The Long and Short of ER Uniform Changes

At the last Empire Runner’s club meeting held Thursday August 25th at Round Table Pizza in Montgomery Village, it was proposed that a graphic artist be secured to produce a new Empire Runner’s logo.

My first thought was “why?” and my next thought was “no”. I was a bit surprised that anyone would even think about doing such a thing.

I admit that I am a sports traditionalist. I don’t like rule changes. I don’t like the DH in baseball. I don’t like the Oregon football uniforms.

So, after a lengthy and spirited discussion at the club meeting regarding the logo, tradition, club identity etc. I went home and thought about writing something up about the issue.

On Saturday I pulled out all of my club singlets going back twenty-plus years. In my mind they had all been very similar and yet when I pulled them out of the drawer I saw that although there have been some constant themes, there have also been quite a few, not always subtle changes.

Looking at my collection here is what I found:

In the early to mid-nineties when I was first introduced to the sport of Cross-County the basic singlet was white with the blue logo and lettering over blue shorts. This featured the now classic sunrise, mountain, trees and male and female runners. This singlet was some sort of synthetic fabric though I can’t be certain exactly what as I cut the tag out years ago. There was also a cotton version of this singlet that I bought but that I never really raced in for obvious reasons.


Bob Merritt working hard back in the 90’s

During this same era, many of the faster runners in the club were sporting a black version of this same design – intimidating but I imagine hot.


Preston and  Gibbons – classics sporting classics

During my third or fourth season of Cross-County in the late nineties a new singlet was introduced. This design had bold black and white panels on either side of a pale blue front and back and very large, bold new Empire Runners logos including the “ER sunburst”. As I recall, this singlet was initially well received but then got low marks as the 100% nylon material tended to be hot and sticky. You don’t see this one often any longer as I imagine they are tucked deep into drawers that seldom see the light of day.
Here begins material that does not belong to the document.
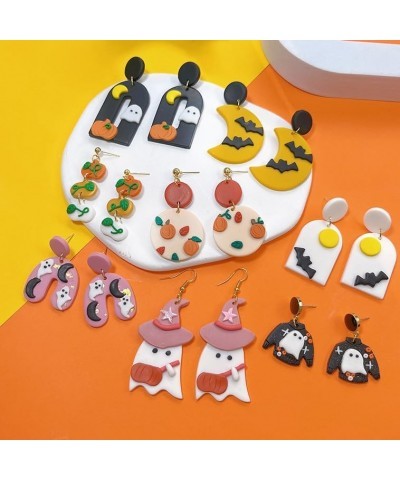 Pumpkin Earrings for Funny Polymer Clay Halloween Earrings Moon Spooky Ghost Bat Women Cartoon Halloween Costume Party Jewelr...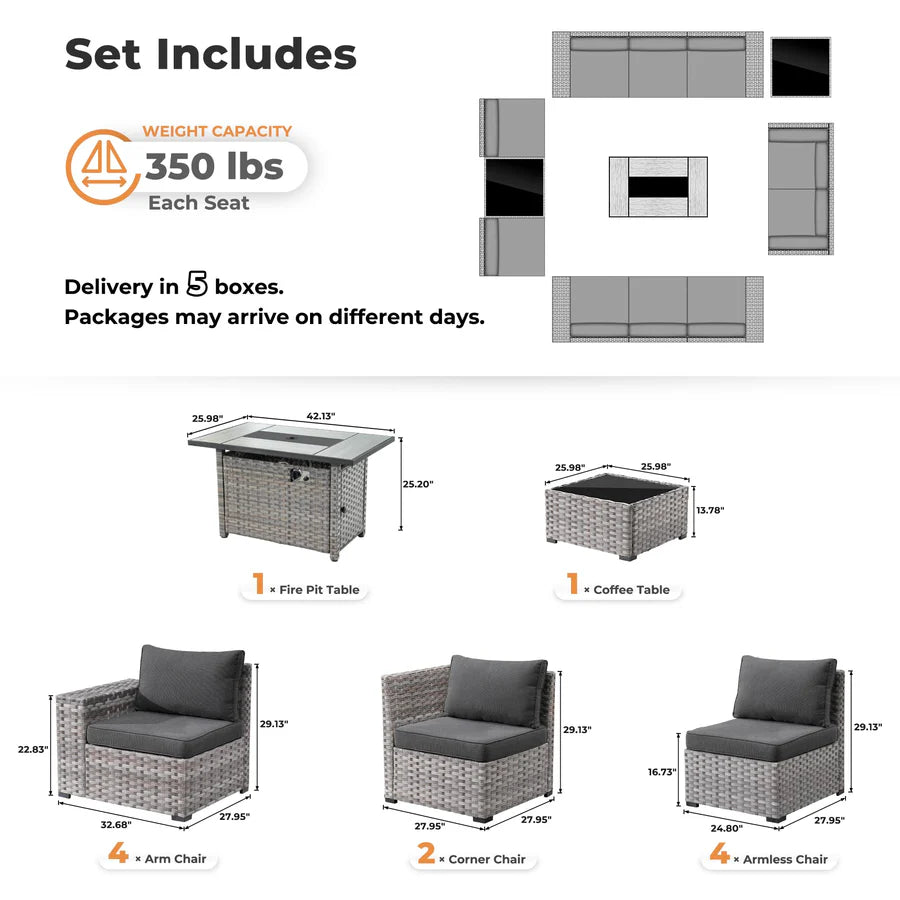 13 Pieces Outdoor Furniture with 7.68'' Broad Handrails and Rectangle 42.12'' Fire Pit Table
Darryl Beardall running in ER colors

The next iteration of the Empire Runner’s singlet brought back the older logo, now in white on a simple but hard to mistake deep blue polyester body. The new uniform called for black shorts. This combination became the essential ER team uniform for about a decade. Though classic and easily identifiable, it was updated a few years back with script vs block letters and a more realistic graphic of trees and mountains along with the now traditional sunrise. The male and female runners disappeared. The “official” uniform was blue but I own a white version of this latter design that I purchased on special order with the intent of wearing it in hot-weather marathons.
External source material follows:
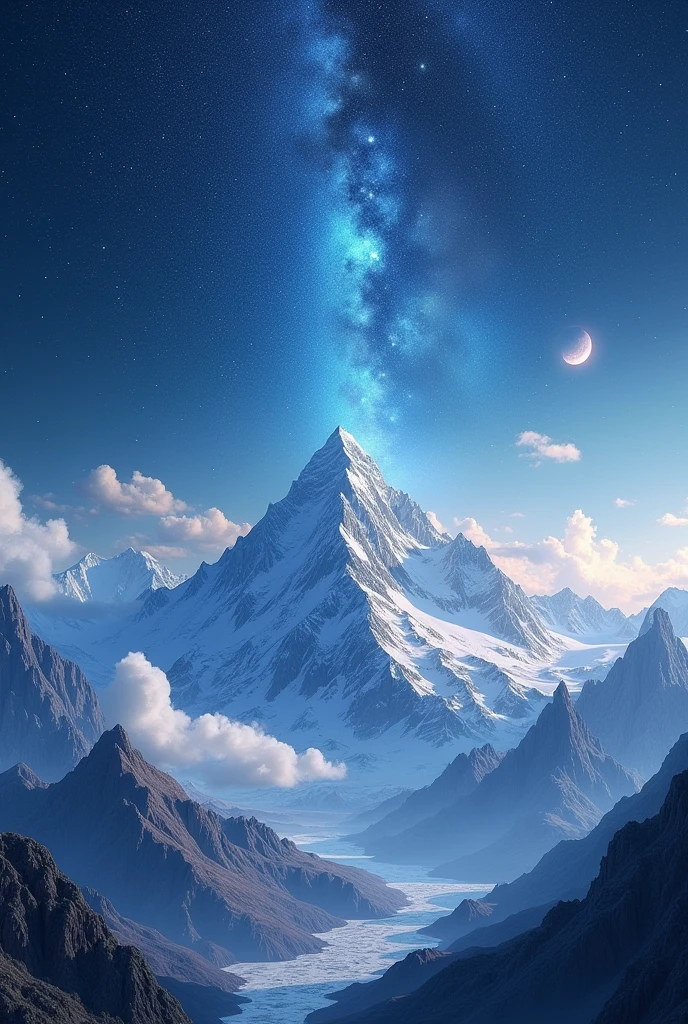 Aesthetic picture of sky, stars, mountain and universe's natural splendor.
Megan Johnson and Val Sell in the blue

About the time that the latter version of the uniform described above became available, the decision was made by the ER Board to allow ER singlets and gear to be sold to the general public.


Gil Moreno – back in black

The other interesting thing that occurred at this time was that you could now buy ER gear in pretty much any color of the rainbow. Don’t like deep blue and white? No problem, get a chartreuse ER singlet and pink cap… Argh. But to each his or her own I guess.
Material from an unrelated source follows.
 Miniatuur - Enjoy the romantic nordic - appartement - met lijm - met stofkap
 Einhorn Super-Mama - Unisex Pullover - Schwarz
Just a couple of years ago… though it could be longer I suppose, the club racing singlets saw their arguably most radical change ever which included completely new and/or altered logos, lettering, colors, tones and fabric. The current racing singlet retains a brighter sunrise but only proclaims “Empire” on the front as opposed to Empire Runners and there is no longer any mention of Sonoma Co. The back has a simple ER graphic. The blue is muted. The lettering is outlined in yellow. There are white and gray “flames” or stripes or whatever they are blending in and out. I would describe the overall design as “contemporary”. The fabric is light and breathes well but it is a little course for my taste and I think it could result in chaffing issues in longer races such as the marathon.


(Note that the third singlet from the left is actually hanging backwards.  For a front shot of this singlet, see the picture of Darryl Beardall earlier in this post)

So there is your unofficial, incomplete and totally biased history of the ER club uniform over the last twenty years.

All of this thinking about the club uniforms and logos combined with an actual inventory makes me realize that although we have had some constant themes – the sunrise and “blue” for instance – we have not really kept to a single long-term design.

With all of the above in mind, I would make just a few simple recommendations to the club – 1) adopt a classic logo design and stick with it. 2) If there is a way to tie into some of our earlier themes such as the sunrise motif, do it. 3) Have separate lines of official club racing apparel vs casual apparel. The former should meet strict guidelines and not be altered on a whim. The latter can be in any color, cut or design subject to the winds of fashion.

If you have a passion for what constitutes a strong club logo or uniform design, now might be a good time to get involved.